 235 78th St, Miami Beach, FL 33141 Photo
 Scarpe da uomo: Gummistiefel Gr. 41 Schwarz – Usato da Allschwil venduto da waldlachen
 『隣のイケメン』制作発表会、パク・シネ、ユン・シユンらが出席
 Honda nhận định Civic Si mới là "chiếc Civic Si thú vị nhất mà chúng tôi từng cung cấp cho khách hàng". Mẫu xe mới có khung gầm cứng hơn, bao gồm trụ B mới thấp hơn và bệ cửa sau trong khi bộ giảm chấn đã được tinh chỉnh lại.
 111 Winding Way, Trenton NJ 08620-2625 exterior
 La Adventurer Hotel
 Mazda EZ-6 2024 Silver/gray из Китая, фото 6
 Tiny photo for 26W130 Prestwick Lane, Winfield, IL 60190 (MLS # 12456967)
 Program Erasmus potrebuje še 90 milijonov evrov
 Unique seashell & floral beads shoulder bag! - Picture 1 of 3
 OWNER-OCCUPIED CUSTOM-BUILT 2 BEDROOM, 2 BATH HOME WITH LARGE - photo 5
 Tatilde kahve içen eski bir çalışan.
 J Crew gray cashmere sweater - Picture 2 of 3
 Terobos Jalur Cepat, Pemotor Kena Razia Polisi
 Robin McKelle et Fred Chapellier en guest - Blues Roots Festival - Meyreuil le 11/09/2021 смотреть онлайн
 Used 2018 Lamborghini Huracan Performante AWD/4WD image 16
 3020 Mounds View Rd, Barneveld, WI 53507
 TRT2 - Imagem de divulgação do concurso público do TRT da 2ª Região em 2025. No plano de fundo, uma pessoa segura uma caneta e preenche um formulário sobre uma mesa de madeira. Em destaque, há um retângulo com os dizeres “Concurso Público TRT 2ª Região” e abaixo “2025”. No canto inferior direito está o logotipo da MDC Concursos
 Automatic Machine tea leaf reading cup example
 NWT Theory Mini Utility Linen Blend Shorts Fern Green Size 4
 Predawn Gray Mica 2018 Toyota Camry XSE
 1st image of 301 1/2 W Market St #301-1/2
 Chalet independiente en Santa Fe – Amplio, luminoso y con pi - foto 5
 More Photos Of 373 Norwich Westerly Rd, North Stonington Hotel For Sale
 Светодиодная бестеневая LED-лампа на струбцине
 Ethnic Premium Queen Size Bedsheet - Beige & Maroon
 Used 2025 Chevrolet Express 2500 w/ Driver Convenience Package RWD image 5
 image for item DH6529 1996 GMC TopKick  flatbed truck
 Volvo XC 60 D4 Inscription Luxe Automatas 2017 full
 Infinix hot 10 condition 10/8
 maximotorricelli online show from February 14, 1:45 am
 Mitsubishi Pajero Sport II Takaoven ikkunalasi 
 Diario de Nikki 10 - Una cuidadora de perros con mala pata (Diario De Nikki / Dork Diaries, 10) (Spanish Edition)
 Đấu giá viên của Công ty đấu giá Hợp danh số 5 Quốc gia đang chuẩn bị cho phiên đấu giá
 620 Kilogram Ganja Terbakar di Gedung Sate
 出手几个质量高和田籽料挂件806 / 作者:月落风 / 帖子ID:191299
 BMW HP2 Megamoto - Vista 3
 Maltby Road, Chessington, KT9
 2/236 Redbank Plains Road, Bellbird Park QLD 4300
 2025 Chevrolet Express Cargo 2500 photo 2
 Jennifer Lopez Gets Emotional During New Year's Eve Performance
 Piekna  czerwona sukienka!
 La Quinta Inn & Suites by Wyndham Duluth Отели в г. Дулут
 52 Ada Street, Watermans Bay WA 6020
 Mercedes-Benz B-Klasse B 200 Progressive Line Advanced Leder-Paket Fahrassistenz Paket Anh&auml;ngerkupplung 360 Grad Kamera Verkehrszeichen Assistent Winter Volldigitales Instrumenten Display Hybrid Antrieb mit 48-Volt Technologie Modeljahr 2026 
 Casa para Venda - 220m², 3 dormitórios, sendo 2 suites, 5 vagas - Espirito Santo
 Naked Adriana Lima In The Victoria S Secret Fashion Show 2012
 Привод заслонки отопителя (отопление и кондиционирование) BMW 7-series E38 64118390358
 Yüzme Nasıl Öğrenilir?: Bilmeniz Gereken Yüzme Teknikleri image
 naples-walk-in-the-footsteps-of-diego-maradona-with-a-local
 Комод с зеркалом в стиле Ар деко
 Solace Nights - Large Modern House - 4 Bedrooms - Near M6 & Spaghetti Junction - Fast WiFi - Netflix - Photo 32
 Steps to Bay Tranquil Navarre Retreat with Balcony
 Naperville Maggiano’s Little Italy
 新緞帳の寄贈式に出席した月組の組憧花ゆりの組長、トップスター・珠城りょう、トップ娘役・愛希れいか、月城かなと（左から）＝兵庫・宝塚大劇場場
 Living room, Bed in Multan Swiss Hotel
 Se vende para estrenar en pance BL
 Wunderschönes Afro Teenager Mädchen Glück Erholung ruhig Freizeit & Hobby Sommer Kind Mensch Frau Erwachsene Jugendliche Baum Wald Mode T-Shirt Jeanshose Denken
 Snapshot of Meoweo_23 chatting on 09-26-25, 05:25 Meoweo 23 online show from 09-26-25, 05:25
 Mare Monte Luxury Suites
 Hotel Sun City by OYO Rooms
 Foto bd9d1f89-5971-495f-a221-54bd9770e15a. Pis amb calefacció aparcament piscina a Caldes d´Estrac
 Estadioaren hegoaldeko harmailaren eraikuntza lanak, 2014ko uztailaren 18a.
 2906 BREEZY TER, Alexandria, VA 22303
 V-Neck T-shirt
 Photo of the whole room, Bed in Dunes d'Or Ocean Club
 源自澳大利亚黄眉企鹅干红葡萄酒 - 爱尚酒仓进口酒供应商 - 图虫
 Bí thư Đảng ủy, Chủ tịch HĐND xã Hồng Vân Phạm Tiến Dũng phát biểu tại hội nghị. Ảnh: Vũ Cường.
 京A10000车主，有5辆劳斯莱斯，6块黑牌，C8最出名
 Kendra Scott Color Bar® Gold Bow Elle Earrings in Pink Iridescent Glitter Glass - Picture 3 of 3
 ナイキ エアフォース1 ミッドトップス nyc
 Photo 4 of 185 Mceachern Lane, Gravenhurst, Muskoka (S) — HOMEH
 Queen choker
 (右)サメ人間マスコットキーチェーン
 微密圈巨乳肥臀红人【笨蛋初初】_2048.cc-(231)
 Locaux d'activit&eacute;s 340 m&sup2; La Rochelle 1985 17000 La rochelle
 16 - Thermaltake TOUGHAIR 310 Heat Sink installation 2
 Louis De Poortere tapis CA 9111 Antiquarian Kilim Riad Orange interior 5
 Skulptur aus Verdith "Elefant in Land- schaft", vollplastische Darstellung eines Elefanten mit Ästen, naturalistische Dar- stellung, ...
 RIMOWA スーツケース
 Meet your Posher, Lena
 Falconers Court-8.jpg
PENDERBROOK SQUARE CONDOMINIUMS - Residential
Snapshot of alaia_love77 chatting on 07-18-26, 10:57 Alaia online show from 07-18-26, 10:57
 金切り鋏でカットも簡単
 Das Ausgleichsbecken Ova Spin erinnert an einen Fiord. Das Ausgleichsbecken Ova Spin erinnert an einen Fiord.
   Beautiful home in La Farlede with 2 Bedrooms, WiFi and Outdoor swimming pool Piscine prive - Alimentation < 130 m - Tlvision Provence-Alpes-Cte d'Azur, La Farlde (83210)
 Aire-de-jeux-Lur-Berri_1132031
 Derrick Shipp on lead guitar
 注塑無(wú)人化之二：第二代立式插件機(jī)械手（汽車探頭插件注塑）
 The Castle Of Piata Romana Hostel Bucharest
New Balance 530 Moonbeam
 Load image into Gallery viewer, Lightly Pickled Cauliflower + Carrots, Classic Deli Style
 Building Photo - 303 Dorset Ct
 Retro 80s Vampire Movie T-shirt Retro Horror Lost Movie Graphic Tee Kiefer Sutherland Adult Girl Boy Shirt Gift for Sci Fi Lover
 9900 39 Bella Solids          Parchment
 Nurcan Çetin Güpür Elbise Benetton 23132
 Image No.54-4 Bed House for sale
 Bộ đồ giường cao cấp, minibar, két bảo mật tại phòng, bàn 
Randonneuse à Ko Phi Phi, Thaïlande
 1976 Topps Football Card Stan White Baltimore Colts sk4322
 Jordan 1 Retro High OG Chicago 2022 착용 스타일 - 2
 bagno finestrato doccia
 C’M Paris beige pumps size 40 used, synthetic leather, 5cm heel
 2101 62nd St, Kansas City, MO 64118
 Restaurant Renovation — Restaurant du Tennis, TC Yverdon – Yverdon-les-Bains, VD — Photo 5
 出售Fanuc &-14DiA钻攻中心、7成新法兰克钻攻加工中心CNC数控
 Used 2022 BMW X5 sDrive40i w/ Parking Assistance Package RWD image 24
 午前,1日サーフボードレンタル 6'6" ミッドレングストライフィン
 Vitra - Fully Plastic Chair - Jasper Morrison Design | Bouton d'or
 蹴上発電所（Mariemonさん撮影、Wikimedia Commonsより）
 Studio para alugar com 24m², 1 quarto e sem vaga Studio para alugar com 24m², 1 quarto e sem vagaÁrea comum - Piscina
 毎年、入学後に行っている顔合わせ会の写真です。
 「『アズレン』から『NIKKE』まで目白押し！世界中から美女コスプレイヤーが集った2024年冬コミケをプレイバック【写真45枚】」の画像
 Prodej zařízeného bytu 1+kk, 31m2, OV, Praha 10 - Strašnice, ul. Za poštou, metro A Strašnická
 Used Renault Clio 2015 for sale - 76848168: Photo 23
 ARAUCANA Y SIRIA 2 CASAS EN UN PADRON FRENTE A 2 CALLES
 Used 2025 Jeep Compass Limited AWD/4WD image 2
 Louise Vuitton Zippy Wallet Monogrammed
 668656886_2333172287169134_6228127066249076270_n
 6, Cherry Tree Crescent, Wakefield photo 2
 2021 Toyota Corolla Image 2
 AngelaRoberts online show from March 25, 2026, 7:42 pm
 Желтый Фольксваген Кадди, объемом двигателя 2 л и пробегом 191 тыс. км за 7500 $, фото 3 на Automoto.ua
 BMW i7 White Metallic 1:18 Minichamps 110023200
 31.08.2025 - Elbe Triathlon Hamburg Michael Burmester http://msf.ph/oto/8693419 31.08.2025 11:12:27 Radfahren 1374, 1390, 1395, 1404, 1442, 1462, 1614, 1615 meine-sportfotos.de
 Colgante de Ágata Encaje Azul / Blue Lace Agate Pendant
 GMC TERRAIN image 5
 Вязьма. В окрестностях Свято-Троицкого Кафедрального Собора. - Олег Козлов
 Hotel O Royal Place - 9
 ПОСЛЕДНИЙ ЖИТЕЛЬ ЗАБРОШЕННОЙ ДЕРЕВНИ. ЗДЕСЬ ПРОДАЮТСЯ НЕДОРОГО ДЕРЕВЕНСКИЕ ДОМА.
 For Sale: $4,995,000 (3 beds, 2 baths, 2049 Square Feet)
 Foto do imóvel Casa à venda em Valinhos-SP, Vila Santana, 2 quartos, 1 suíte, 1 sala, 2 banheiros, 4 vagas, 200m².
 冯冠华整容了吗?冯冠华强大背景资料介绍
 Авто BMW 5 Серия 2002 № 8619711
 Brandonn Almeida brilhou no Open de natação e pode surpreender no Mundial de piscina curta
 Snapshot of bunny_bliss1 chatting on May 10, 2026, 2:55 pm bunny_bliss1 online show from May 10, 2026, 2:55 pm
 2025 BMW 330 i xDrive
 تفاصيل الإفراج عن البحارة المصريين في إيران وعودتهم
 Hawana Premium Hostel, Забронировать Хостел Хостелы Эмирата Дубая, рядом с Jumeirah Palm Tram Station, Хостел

§ §

Compute the number of lines in the entries above that hold the word "Chevrolet"; the answer must contain nothing else.

» **Completed exercise**:
2